Le scénario est prétexte et d’aucun le trouvera répétitif. Mais franchement le film est accrocheur. Très rythmé, offrant des mésaventures très originales à ses héroïnes, brassant des thèmes variés, souvent traités en non-dit, en métaphore et en transparence, Sucker Punch est surtout une expérience très originale et très prenante. A la limite c’est presque un film qui n’aurait pu exister qu’au travers de la musique, et évacuer les dialogues. Le début le prouve, et la suite aurait pu être du même acabit et être aussi passionnant. Ce film est avant tout sensoriel, allégorique, et à l’image de Suspiria que j’évoquais en introduction, l’intrigue n’est finalement que secondaire. Le final, audacieux, le prouve.
Les acteurs sont encore pour beaucoup dans la qualité du résultat. A mon sens le choix de Browning dans le rôle principal est juste parfait. C’est vraiment le genre de rôle qui lui va à ravir, et elle fait des merveilles tant comme actrice et comme chanteuse aussi. Elle est un atout majeur pour le métrage, et même si elle est solidement entourée par des actrices séduisantes, elle n’a aucun mal à s’imposer. Dans les seconds rôles plus connus on reconnaitra Carla Gugino, bien à sa place elle aussi, et un Scott Glenn qui soigne chacune de ses apparitions.
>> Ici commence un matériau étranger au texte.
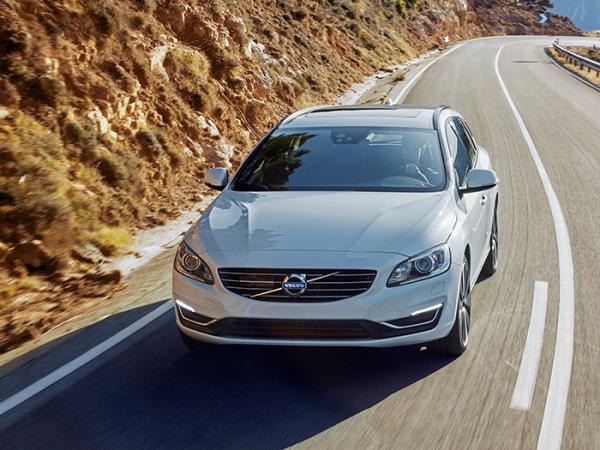 Volvo S60 и V60 получат спецверсии (ФОТО)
Enfin je consacre quand même un paragraphe à la musique, puisqu’elle est une actrice à part entière du résultat à succès du film. Les morceaux, bien connus pour la plupart s’enchaine, baignant le film dans une vraie orgie musicale ! C’est parfaitement retravaillé et agencé, et la cohérence image-son est remarquable. Encore une fois Sucker Punch prouve qu’un grand film ne peut se dispenser d’une grande bande son, originale ou pas. Tout dépend de la cohésion du tout, un film étant autant visuel que sonore.
J’arrête ici ma critique, déjà bien longue, en disant que Sucker Punch est le genre de film qui divise. Amateur de scénario travaillé, phobique de la débauche visuelle et des bandes son omniprésentes, phobique encore des spectacles futiles assumés (car oui, je rejoins certains avis, c’est souvent des jeunes filles en jupettes qui dézinguent des méchants) passés votre chemin. Mais pour ceux qui veulent un film d’ambiance pur, qui recherche davantage l’expérience sensorielle dans un métrage que le fond, alors foncé. Sucker Punch est presque un clip d’1 heure 45, mais quel clip ! 4.5.